Figure 2.5-2 Test of operator length. The corresponding autocorrelogram is beneath each record. The window used in autocorrelation estimation is shown in Figure 2.5-1c. (a) Input gather. Deconvolution using prediction lag = 4 ms (spiking deconvolution), 0.1% prewhitening, and prediction filter operator lengths (b) 40 ms, (c) 80 ms, (d) 160 ms, (e) 240 ms.
Figure 2.5-3 Test of prediction lag. The corresponding autocorrelogram is beneath each record. The window used in autocorrelation estimation is shown in Figure 2.5-1c. (a) Input gather. Deconvolution using prediction filter operator length = 160 ms, 0.1 percent prewhitening, and prediction lags (b) 12 ms, (c) 32 ms, (d) 64 ms, (e) 128 ms.
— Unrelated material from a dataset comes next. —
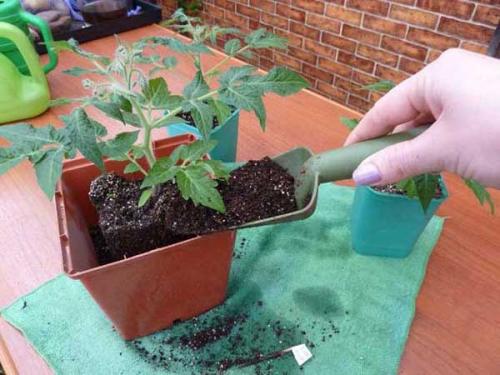 Как вырастить помидоры дома в горшке. Как посадить томаты на подоконнике: выбор емкости, грунта, подготовка семян — подробные пошаговые инструкции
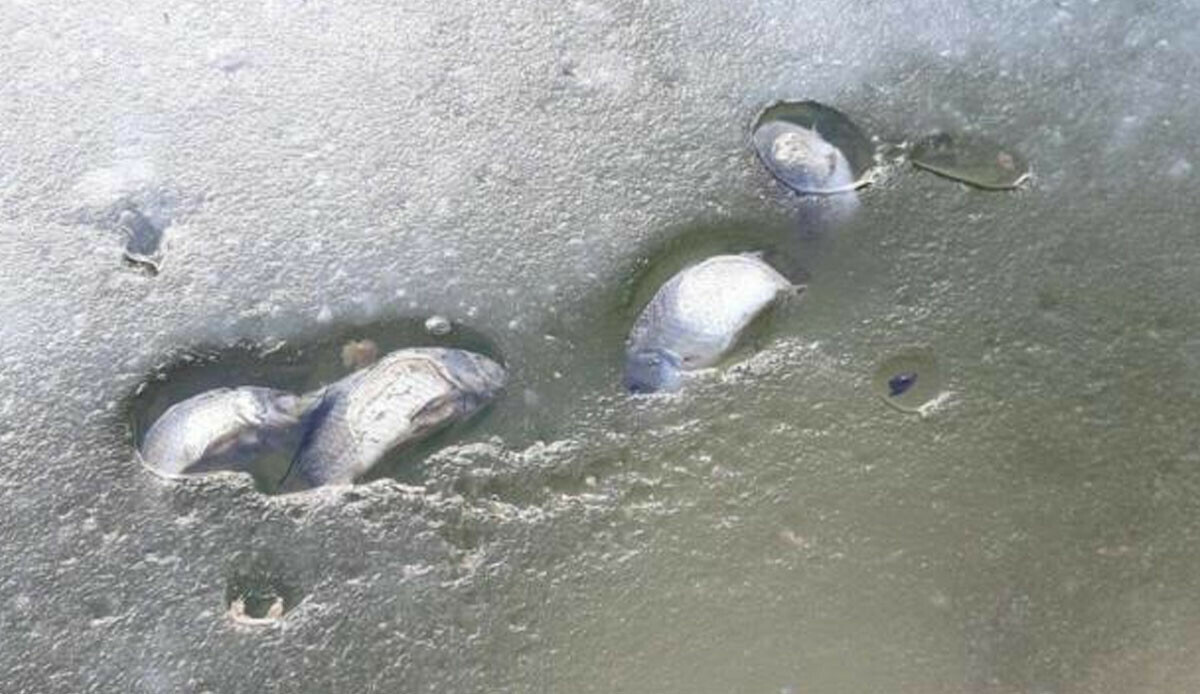 Bolu’da balık ölümlerine ilişkin sabotaj iddiası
Figure 2.5-4 Test of percent prewhitening. The corresponding autocorrelogram is beneath each record. The window used in autocorrelation estimation is shown in Figure 2.5-1c. (a) Input gather. Deconvolution using prediction filter operator length = 160 ms, prediction lag = 4 ms (spiking deconvolution), and percent prewhitening (b) 1 percent, (c) 4 percent, (d) 16 percent, (e) 32 percent.
Figure 2.5-5 (a) A common-shot gather, (b) after muting guided waves, (c) after t2-scaling, and (d) after spiking deconvolution using an operator length of 320 ms. The amplitude spectra (top) averaged over the shot record, and the autocorrelograms (bottom) are used to to choose deconvolution parameters and evaluate the data after the application of deconvolution.
Figure 2.5-6 The shot record in Figure 2.5-5c after predictive deconvolution using an operator length of 320 ms and a prediction lag of: (a) unit-prediction, (b) 8 ms, and (c) 24 ms. The amplitude spectra (top) averaged over the shot record, and the autocorrelograms (bottom) are used to to choose deconvolution parameters and evaluate the data after the application of deconvolution.
The effect of prediction lag now is examined. In Figure 2.5-3, the 160-ms operator length and 0.1% prewhitening are fixed, while prediction lag is varied. If prediction lag were increased, the deconvolution process would be increasingly less effective in broadening the spectrum, and the autocorrelograms would contain increasingly more energy at nonzero lags. In the extreme, the deconvolution process is ineffective with a 128-ms prediction lag. In practice, common values for the prediction lag are unity (spiking deconvolution) or the first or second zero crossing of the autocorrelation function (predictive deconvolution).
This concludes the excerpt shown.